WHAT YOU HAVE TO DO
From the line that holds "TE CONNECTIVITY /" to the last line below, retype everything exactly and nothing else; omit pictures.

DATA SEGMENT
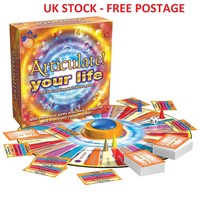 Articulate Your Life Family Board Game Kids Toys Childrens Birthday Party Gifts Articulate Your Life Family Board Game Kids Toys Childrens Birthday Party Gifts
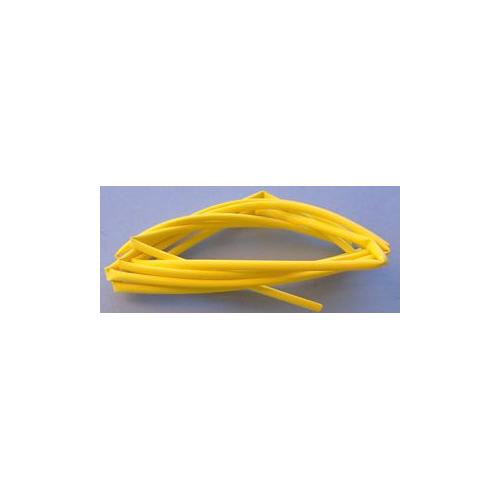 TE CONNECTIVITY / RAYCHEM - RNF-100 1/16Y - RNF100 2:1 HEATSHRINK 1.60MM YELLOW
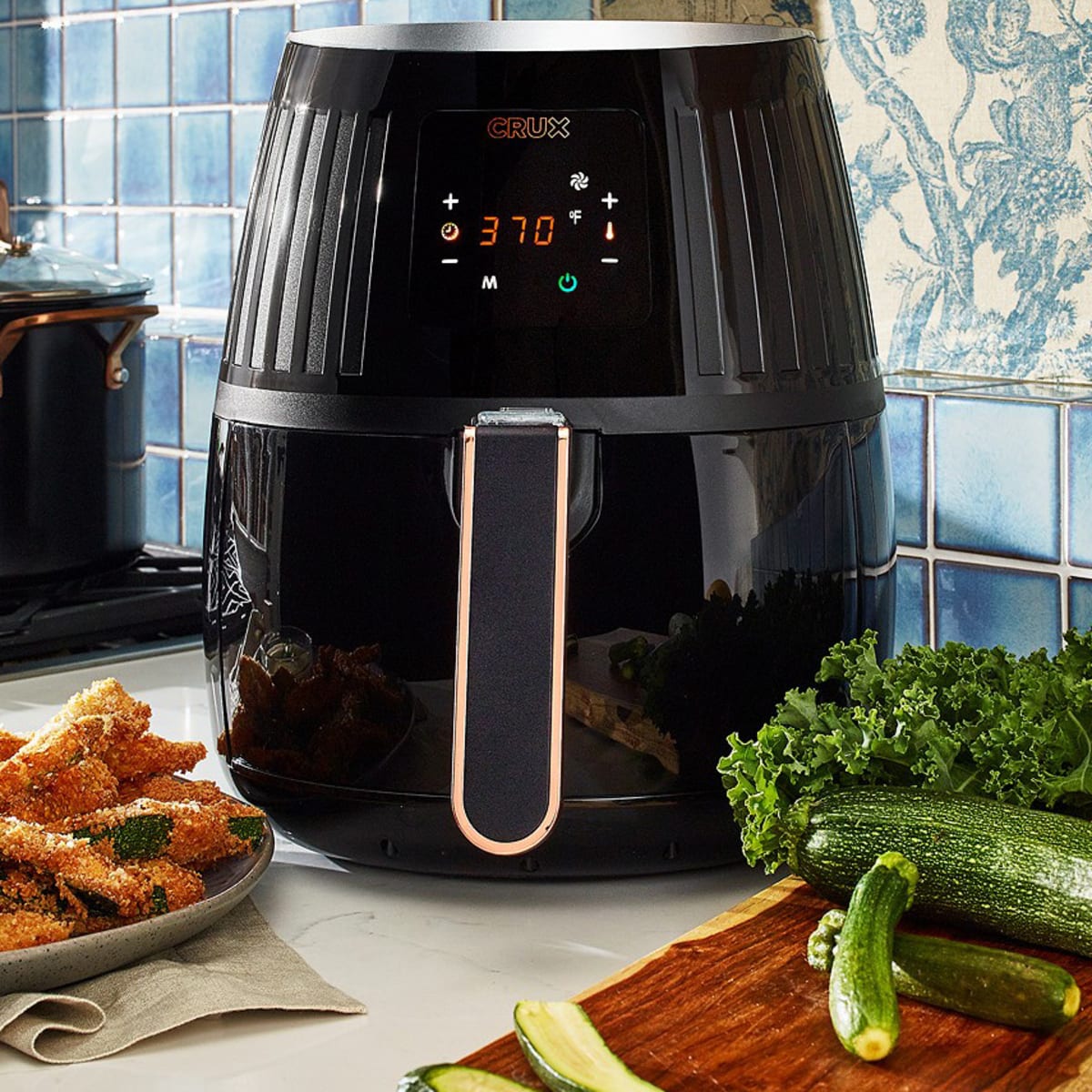 Make Cooking Easy During the Lockdown with This Air Fryer On Sale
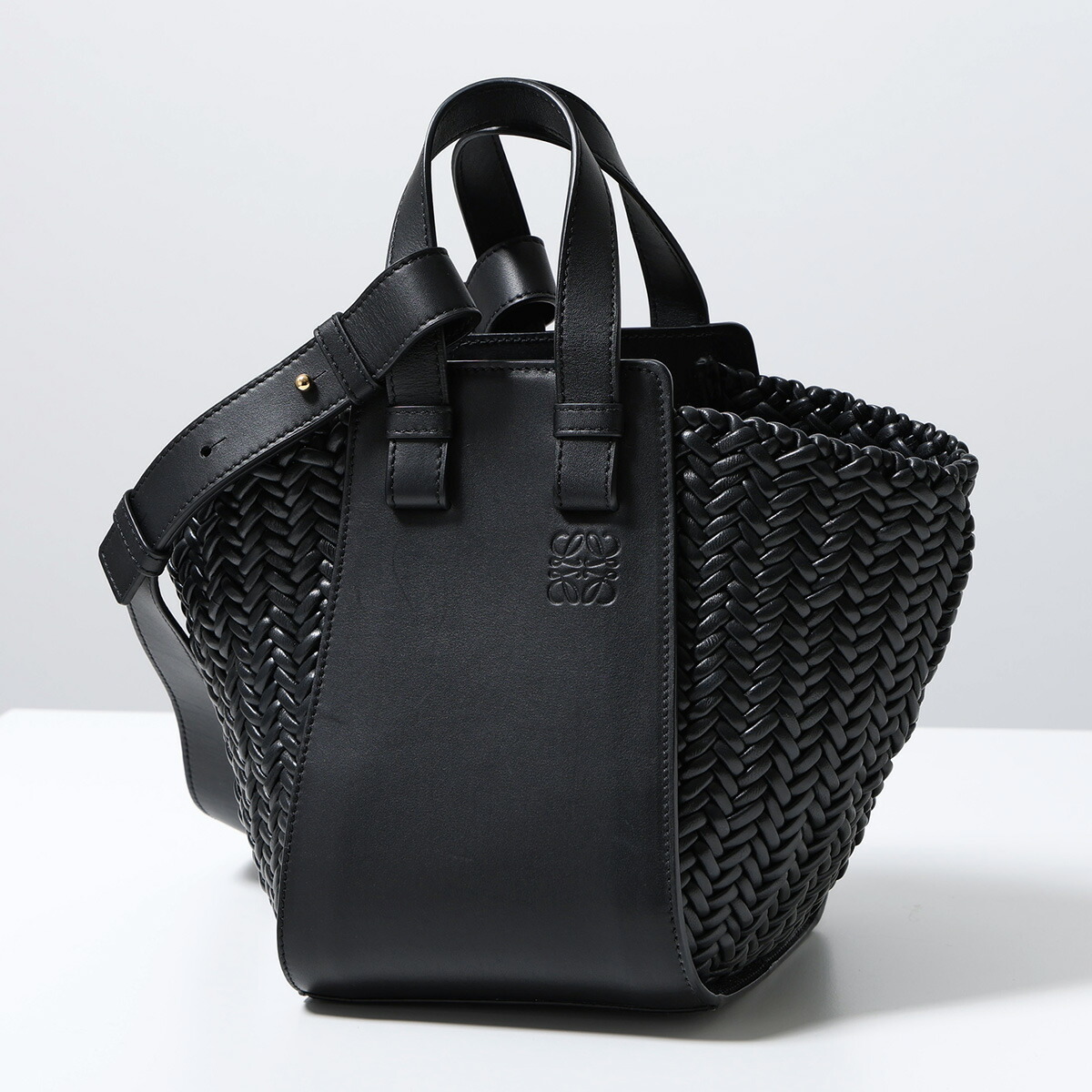 楽天市場】LOEWE ロエベ ショルダーバッグ HAMMOCK DW MINI ハンモック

RESPONSE FOR THIS EXERCISE
 TE CONNECTIVITY / RAYCHEM - RNF-100 1/16Y - RNF100 2:1 HEATSHRINK 1.60MM YELLOW
 Make Cooking Easy During the Lockdown with This Air Fryer On Sale
 楽天市場】LOEWE ロエベ ショルダーバッグ HAMMOCK DW MINI ハンモック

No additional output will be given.